In [10]:
import os
import csv
import json
import re
from typing import List, Dict
from statistics import mean
from sklearn.metrics import cohen_kappa_score
import time
import requests
from io import StringIO


TARGET_CLASSES = ['Protocol', 'Organization']

# Small evaluation dataset (~12 DeFi-style sentences)
DATA_CSV = '''id,text,gold_terms
1,"We integrated Uniswap V3 into our pipeline and measured swaps per second; audits were provided by OpenZeppelin.","[{""term"": ""Uniswap"", ""class"": ""Protocol""}, {""term"": ""OpenZeppelin"", ""class"": ""Organization""}]"
2,"Aave reported an increase in TVL last quarter.
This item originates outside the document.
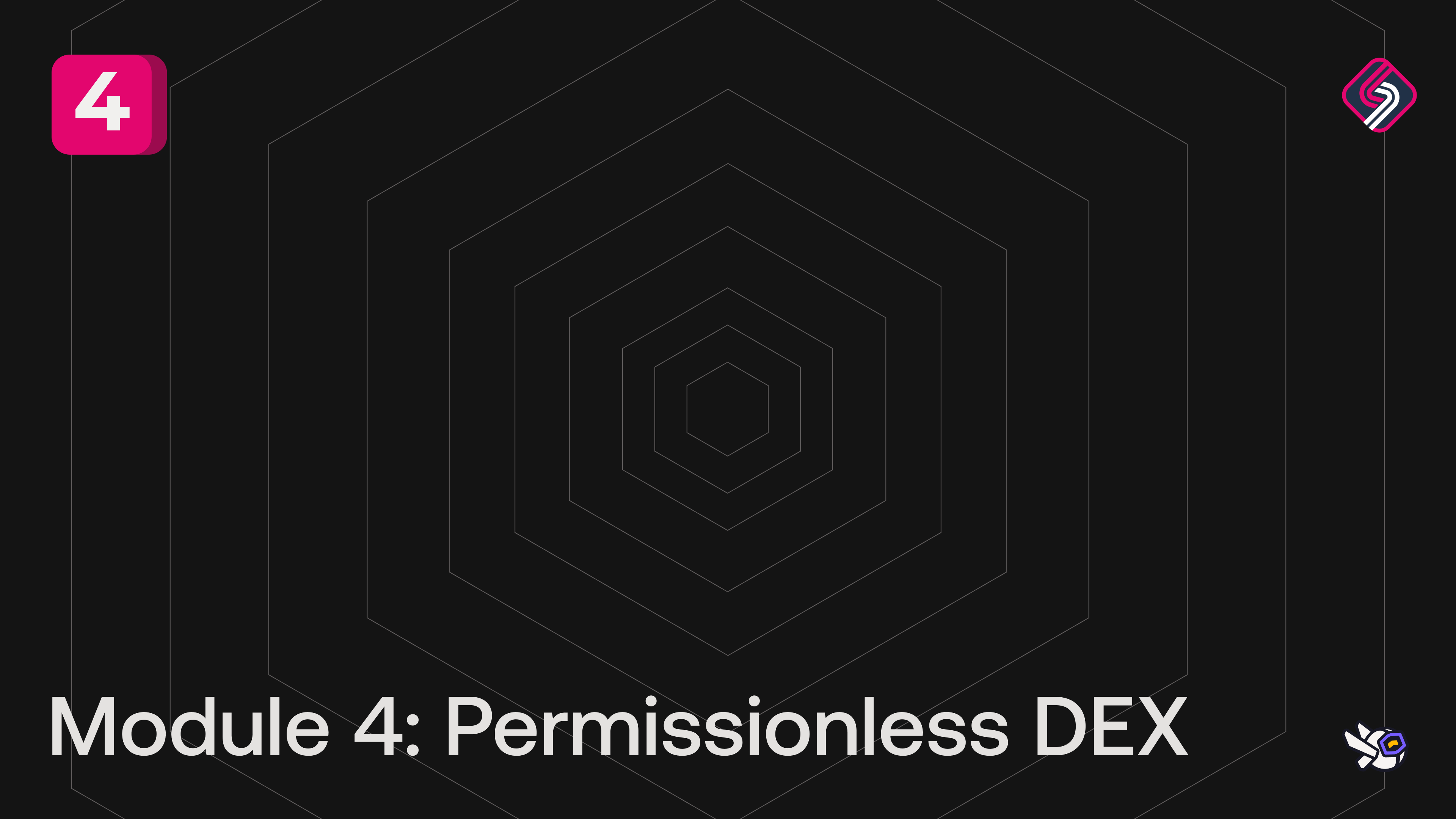 Lesson Banner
The security review was done by CertiK.","[{""term"": ""Aave"", ""class"": ""Protocol""}, {""term"": ""CertiK"", ""class"": ""Organization""}]"
3,"Lido's staking contracts run on Ethereum and collaborations include partnerships with Figment.","[{""term"": ""Lido"", ""class"": ""Protocol""}, {""term"": ""Figment"", ""class"": ""Organization""}]"
4,"SushiSwap announced a grant from a16z to expand liquidity incentives.","[{""term"": ""SushiSwap"", ""class"": ""Protocol""}, {""term"": ""a16z"", ""class"": ""Organization""}]"
5,"Curve Finance focuses on stablecoin swaps; security audits by Trail of Bits increased confidence.","[{""term"": ""Curve Finance"", ""class"": ""Protocol""}, {""term"": ""Trail of Bits"", ""class"": ""Organization""}]"
6,"Balancer Labs introduced a new AMM curve; independent auditors included PeckShield.","[{""term"": ""Balancer Labs"", ""class"": ""Protocol""}, {""term"": ""PeckShield"", ""class"": ""Organization""}]"
7,"We indexed data from MakerDAO governance proposals and referenced audits from Quantstamp.","[{""term"": ""MakerDAO"", ""class"": ""Protocol""}, {""term"": ""Quantstamp"", ""class"": ""Organization""}]"
8,"1inch aggregates liquidity across protocols like Uniswap and SushiSwap; code review by OpenZeppelin was cited.","[{""term"": ""1inch"", ""class"": ""Protocol""}, {""term"": ""Uniswap"", ""class"": ""Protocol""}, {""term"": ""SushiSwap"", ""class"": ""Protocol""}, {""term"": ""OpenZeppelin"", ""class"": ""Organization""}]"
9,"Compound governance proposals were discussed at a conference sponsored by Consensys.","[{""term"": ""Compound"", ""class"": ""Protocol""}, {""term"": ""Consensys"", ""class"": ""Organization""}]"
10,"PancakeSwap runs on BSC and was audited by CertiK earlier this year.","[{""term"": ""PancakeSwap"", ""class"": ""Protocol""}, {""term"": ""CertiK"", ""class"": ""Organization""}]"
11,"OpenZeppelin and Trail of Bits often publish findings about vulnerabilities in DeFi protocols.","[{""term"": ""OpenZeppelin"", ""class"": ""Organization""}, {""term"": ""Trail of Bits"", ""class"": ""Organization""}]"
12,"DeFi protocols such as Aave, Compound, and MakerDAO rely on audits by Quantstamp and PeckShield.","[{""term"": ""Aave"", ""class"": ""Protocol""}, {""term"": ""Compound"", ""class"": ""Protocol""}, {""term"": ""MakerDAO"", ""class"": ""Protocol""}, {""term"": ""Quantstamp"", ""class"": ""Organization""}, {""term"": ""PeckShield"", ""class"": ""Organization""}]"
'''

# write dataset file
with open('assignment3_eval_dataset.csv', 'w', encoding='utf-8') as f:
    f.write(DATA_CSV)

KNOWN = set([
    'uniswap','aave','lido','sushiswap','curve finance','curve','balancer labs','1inch','compound','makerdao','pancakeswap',
    'openzeppelin','certik','trail of bits','peckshield','quantstamp','figment','a16z','consensys'
])

def rule_based_extractor(text: str) -> List[Dict]:
    results = []
    lowered = text.lower()
    for t in KNOWN:
        if t in lowered:
            pattern = re.compile(re.escape(t), re.IGNORECASE)
            for m in pattern.finditer(text):
                term = text[m.start():m.end()]
                if t in ['openzeppelin','certik','trail of bits','peckshield','quantstamp','consensys','figment','a16z']:
                    cls = 'Organization'
                else:
                    cls = 'Protocol'
                results.append({'term': term, 'class': cls})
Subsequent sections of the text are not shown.